If you want people to read your book, you have to be more than a talented storyteller or researcher – you will need plenty of persistence, says Darlene Quinn, a 75-year-old award-winning novelist whose passion for the written word trumped her lucrative position as a top executive at the legendary Bullocks Wilshire department stores.
“Sometimes an author has it easy; either they’re already a celebrity, or their name has been widely reported in a major public scandal – or both – but not even those criteria guarantee readership,” says Quinn, author of “Unpredictable Webs”, (www.darlenequinn.net), the newest in her stand-alone series of suspense-filled dramatic novels.
“Many authors will tell you just don’t get into the book-writing business, because writing something that people will want to read is challenge enough. Then you face the daunting process of getting people to buy it!”
She offers these tips for getting your book in front of the masses – and enticing them to buy it.
• Draw on the strengths that helped you meet previous challenges: Quinn found professional footing decades ago, in a time when it was rare for women to rise to executive positions. After earning a bachelor’s at San Jose State University, she became a schoolteacher. She later climbed her way up to working as a department store executive during a time of tremendous upheaval in the retail fashion industry. The tenacity and perseverance required to achieve that dream served her well when she fixed on another dream – writing – late in life. She sharpened her writing chops by penning articles for trade journals, magazines and newspapers.

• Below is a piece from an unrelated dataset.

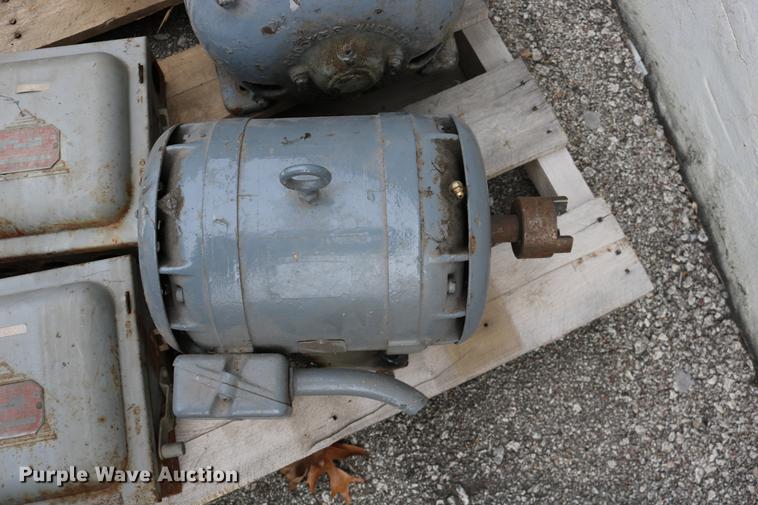 image for item EE9964 Tools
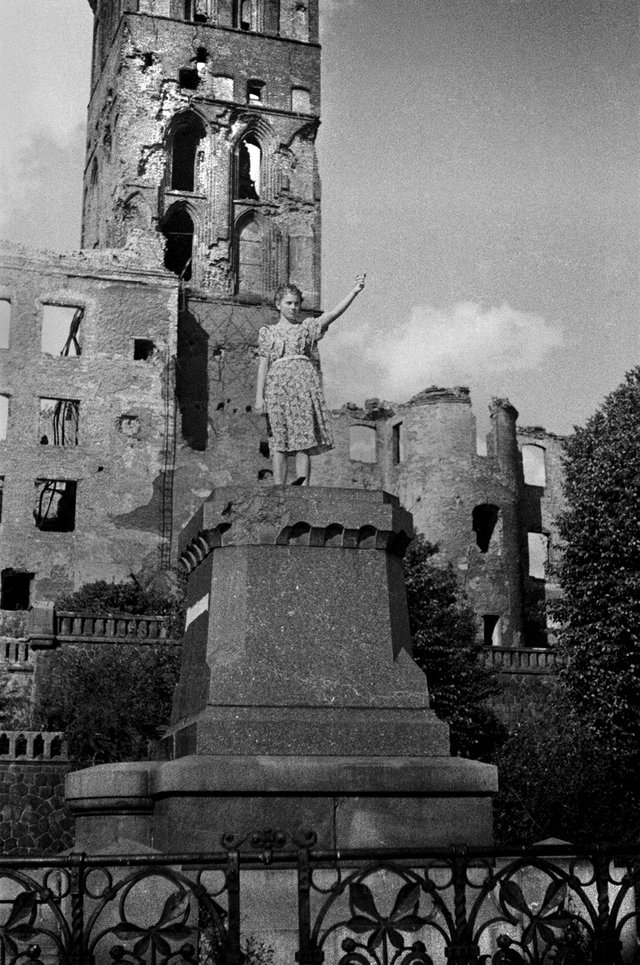 На постаменте памятника фон Бисмарку.jpg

• Book awards: Simply entering your book in a contest gives it some exposure. Should it be selected for an award, you’ve got a great marketing tool that can open doors otherwise closed to you. Awards sticker or seals, which can be added to the book cover, can help persuade book stores to carry it. The press release announcing winners of local, national or international book awards also trigger Google Alerts, positively increasing exposure. Announcements of winners prior to publication alert avid readers to upcoming releases.

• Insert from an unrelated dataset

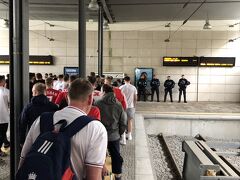 ギマランイス駅に到着。
電車内で既にビールを呷っていたイングランドサポーターに囲まれ駅に降り立ちました。
臨時列車は途中駅はほぼ全て通過するので通常の電車より所要時間は短くその点は快適でした。
ビールを飲みまくったイングランドサポーターは駅のトイレにも殺到していましたが、男子トイレだけでは捌き切れないとばかりに女子トイレにも入っていく始末、そこへたまたまやって来たご婦人の諦めとも取れる驚きの表情が印象的でした。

• Book awards II: Do your research; make sure that the contest is well-established and legit. Read the rules, and if at all possible, research the judges who will be reviewing the books. Try to avoid contests that have high entry fees and those that appear to be non-discriminating. National and international contests such as the Indie Book Awards, Writers Digest Book Awards, USA Best Book Awards Reader’s Favorites, and International Best Book Award (sponsored by USA Book News) are just a few respectable contests that meet these criteria. There are also many legitimate regional and local book contests to consider.
• Quality in every respect: With power comes responsibility. In the past, the only real hope an author had of being read by anyone beyond his or her immediate family was going through a major publisher. Today, authors can take production matters into their own hands with self- or independent publishing, which may lead to a contract with a major book company. Either way, a writer should ensure quality in every aspect — from the plot and characters, to the cover art, design and paper. Make sure the book is edited by an objective professional.